In droplet microfluidics, each droplet serves as a picoliter-volume “test tube,” allowing millions of reactions to be run in parallel using little total reagent1-3. By flowing reagents through channels, it is possible to generate, split, and sort droplets by size using purely passive manipulations. To perform complex reactions in the droplets, however, active manipulations are needed, such as controllably merging pairs of droplets and sorting droplets based on fluorescence, both of which can be accomplished with electric fields. For droplet merger or reagent addition, localized fields briefly destabilize the droplets, allowing pairs of droplets to coalesce4-7 or droplets to be injected with reagent (picoinjection)8. Electric fields can also be used to direct droplets of a set fluorescence into a collection channel9-12 or merged into an aqueous stream, where their contents can be accessed13. These important active manipulations necessitate methods for fabricating and utilizing electrodes in microfluidic devices.
The most common technique for fabricating electrodes in droplet microfluidic devices is to fill a microfluidic guide channel with molten indium solder that, once cooled, hardens into a solid metal electrode; the electrode can then be energized via electrical contact with a protruding metal pin.6-14 Solder electrodes are simpler than patterning metal onto a glass substrate to which the microfluidic channels are bound4,5 because they do not require electrode-channel alignment and also can be fabricated in under an hour with no specialized equipment.

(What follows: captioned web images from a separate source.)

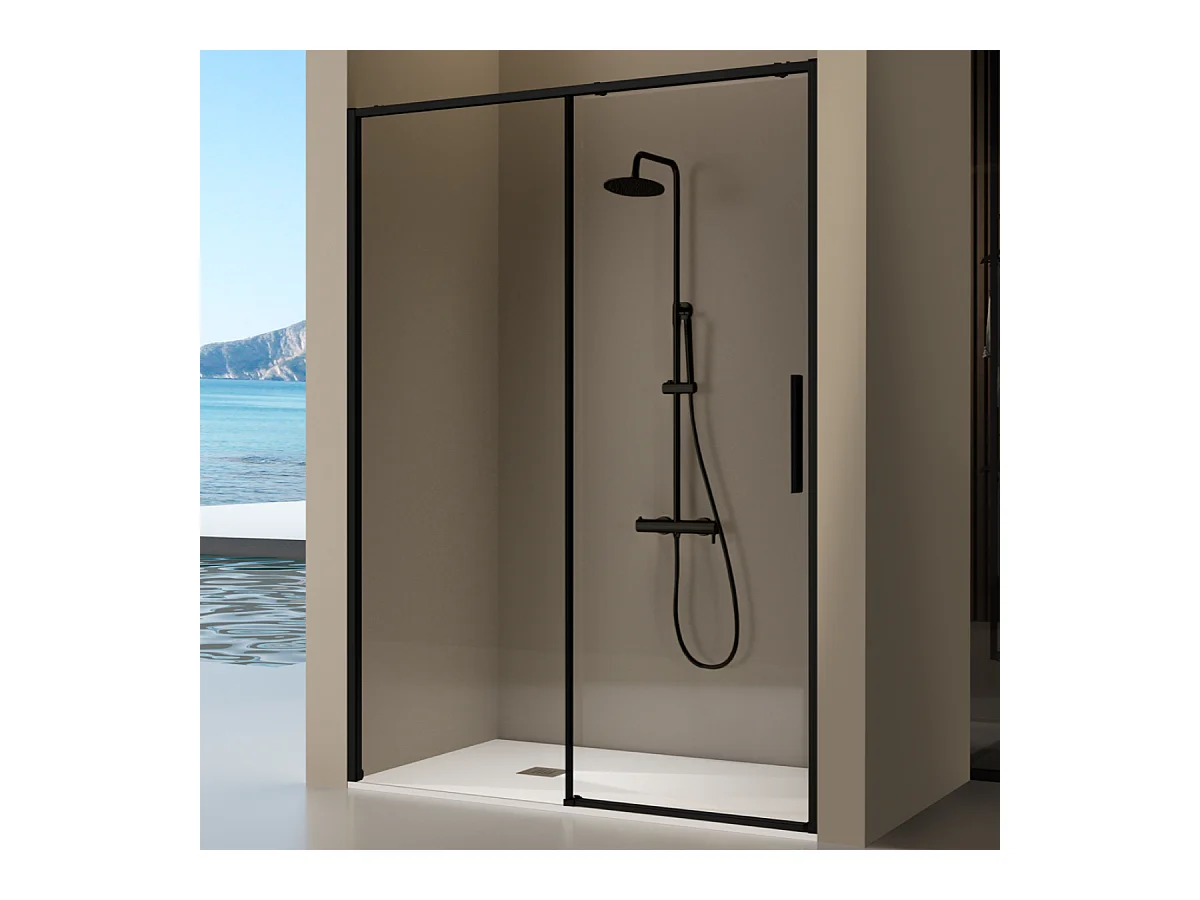 Frontal de ducha + Puerta Corredera 143-145.6 cm DELTA Negro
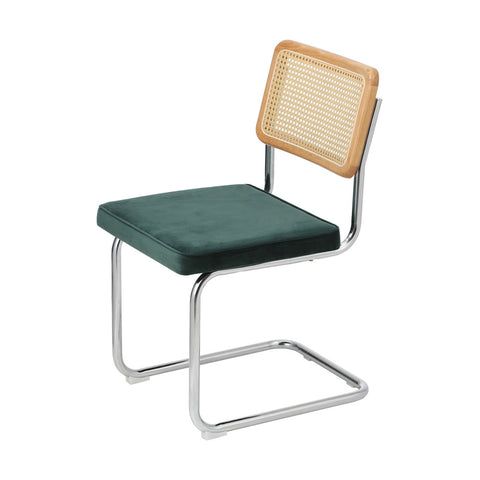 6x Rattan Dining Chair Cesca Replica Cantilever Velvet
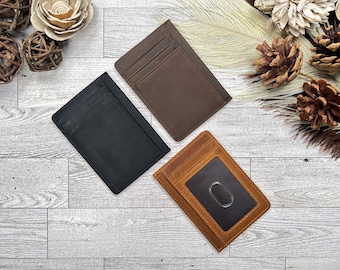 Leather Card Holder Handmade Leather Wallet Gift Minimalist Wallet Minimalist Card holder Leather Card Wallet Slim Wallet Leather Cardholder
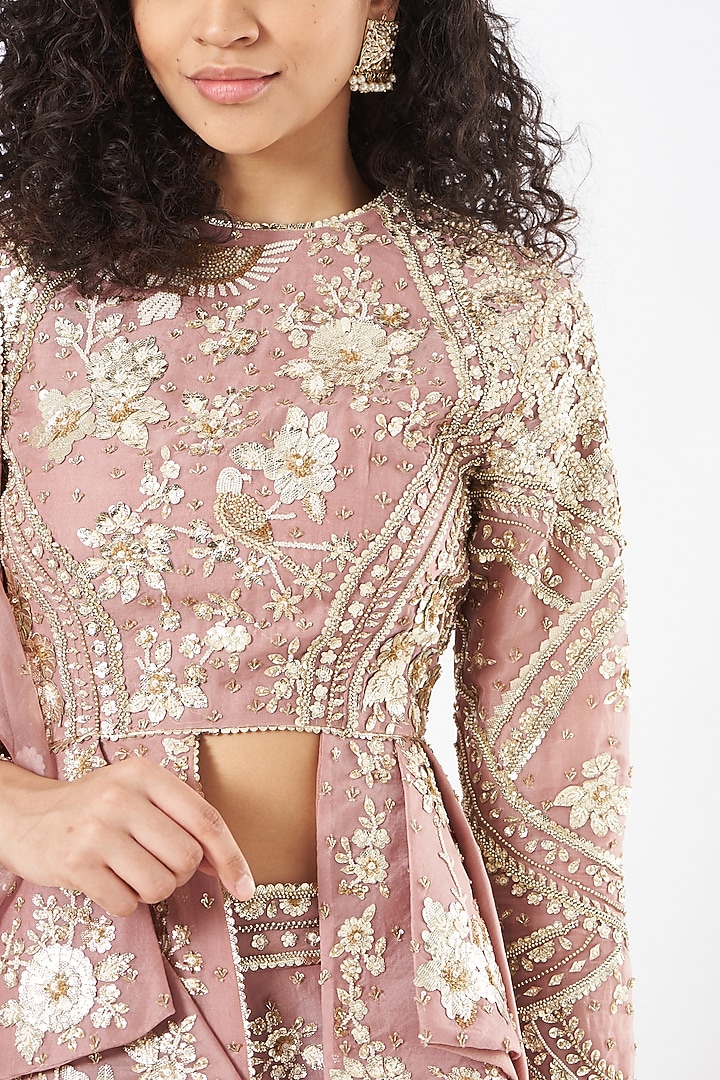 Ash Rose Organza Embroidered Bridal Lehenga Set by Sahil Kochhar at Pernia's Pop Up Shop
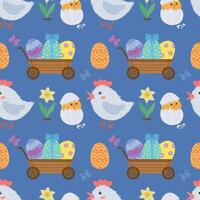 Seamless pattern with Easter eggs, chicken, chicken, flowers. illustration of Easter wrapping paper design with colorful eggs - seamless background. . vector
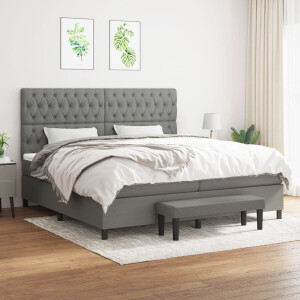 vidaXL - Boxspring - met - matras - stof - donkergrijs - 200x200 - cm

They also have more versatility and precision than inserting straight, rigid wires into the PDMS channels.15 When making solder electrodes, the device is heated to 90°C and low-melting point indium solder is fed into the channel inlet; upon contacting the heated device, the solder becomes molten, displacing the air and filling the guide channel, and yielding an electrode in the shape of the guide channel. This method of fabricating electrodes, while simple, limits the kinds of electrode geometries that can be achieved. For example, because long channels have high hydrodynamic resistance and resist solder flow, and sharp turns trap air bubbles, such geometries are difficult to fabricate. In addition, once solidified, the delicate metal electrodes can tear during thermal contraction or handling of the device, resulting in a disconnected electrode and a device dud.
Here, we present a simple and reliable method for integrating electrodes into droplet-based microfluidic devices. Like solder-based electrodes, we fabricate guide channels in the shape of the electrode we desire on the microfluidic device; the guide channel is then filled with a nearly-saturated 5M NaCl aqueous solution. The salt solution has a much higher resistivity (4.42 Ω·cm) than indium (8.37 μΩ·cm), but as we show, its conductivity is sufficient to carry tens-of-kilohertz, high-voltage signals due to the low characteristic capacitances of microfluidic devices. These small capacitances ensure that the signals are not shunted elsewhere despite passing through resistive electrodes. Recently, we have presented microfluidic workflows that mentioned use of salt water electrodes for droplet merger16 and picoinjection16,17, and even demonstrated that a flowing reagent channel can serve as an electrode18. Here, for the first time, we describe and thoroughly characterize the salt water electrode and demonstrate its application to common and important droplet-based microfluidic operations.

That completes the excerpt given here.